Not so easy. The original coordinates are not trivially valid for intermediate operations. They may have the wrong length or order. So what options do we have?
Also note that xarray Datasets always need coords, even if individual DataArrays do not. We have to decide what to do with coords one way or another :)
This PR takes the most dumb pragmatic approach. Keep coords unless you detect a shape inconsistency. In that case, refuse to propagate them with a warning. Options for users are to use custom coords for intermediate operations (in which case they also need a custom dim, since PyMC doesn't have a concept of coords per variable (#7852) or to use the old
pm.Deterministic
without dims (instead of pm.dims.Deterministic) and get the behavior mentioned above (no custom coords nor dims).If users care about coords they have to mend them manually after the fact. This is discussed at the end of the new notebook (still have to add example of mending).
So why don't we have coords in the graph?
I don't think this can be realistically done in a way that is both performant, simple and doesn't restrict us to static shapes.
Just give up on static shapes? Some people really doubt that we need this flexibility in PyTensor (JAX does just fine without it right?). I strongly disagree. Just to give one example: It rules out any sort of symbolic iterative algorithms unless you pad everything to the worst case scenarios. Saying this example is not worthwhile is not saying we never need runtime shapes! It's just one example where it's needed, there are more.
Besides getting rid of runtime shapes doesn't make it trivially easy to implement and work with coords abstractly. A lot of PyMC magic is transforming user code to go from graph A -> graph B. Adding coordinates increases code complexity.
These are related concerns
Talking about concerns for the lack of coords circles back to the concerns about dims listed above. coords in a sense supercharge dims in xarray. Look at how the behavior of
x[:-idx] + x[idx:]
changes when you have arrays with coordinates vs without.If we know the coordinates of variables, it's no longer confusing that things may have different shapes. There are clear rules how to solve the discrepancy (which are controlled by global variables in xarray..., which may affect how much you like it.)
Reminder: The current approach works the same as xarrays without coords. Some proposals for richer dims without coords would still have to decide what
x[idx:] + x[:-idx]
should do. Options and my opinionated downsides areFinal note
Perfection is the enemy of progress. We have had 5 solid years with deficient use of coords/dims. People seem to like it, and I don't think anyone is doing anything better out there. I believe this is a solid incremental step that brings dims to the model for real, while still handling coords deficiently.

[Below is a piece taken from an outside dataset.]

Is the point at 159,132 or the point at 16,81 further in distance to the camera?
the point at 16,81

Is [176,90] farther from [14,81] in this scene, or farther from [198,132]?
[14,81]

I'm not against coords, I am against bad performance, code complexity and static-shape handicaps (in that order). Maybe these problems can be solved, but they won't be solved by me.
I'm also not against more structured dims at the PyTensor level. Happy to help out there.
I also don't think we should wait. The XTensor stuff, simple as it is, took a while. I opened a draft PR two summers ago, and there is still a lot to do. I would like to share it and start iterating with user feedback, instead of just theoretical concerns. I'm optimistic that this would both inform a more advanced approach and allow us to transition from a less "beta" stage than the one we are at now.
I'm also optimistic the community will accept the experimental / exploratory nature of the new approach, and that we may drop it for something else down the road, that we believe is even better.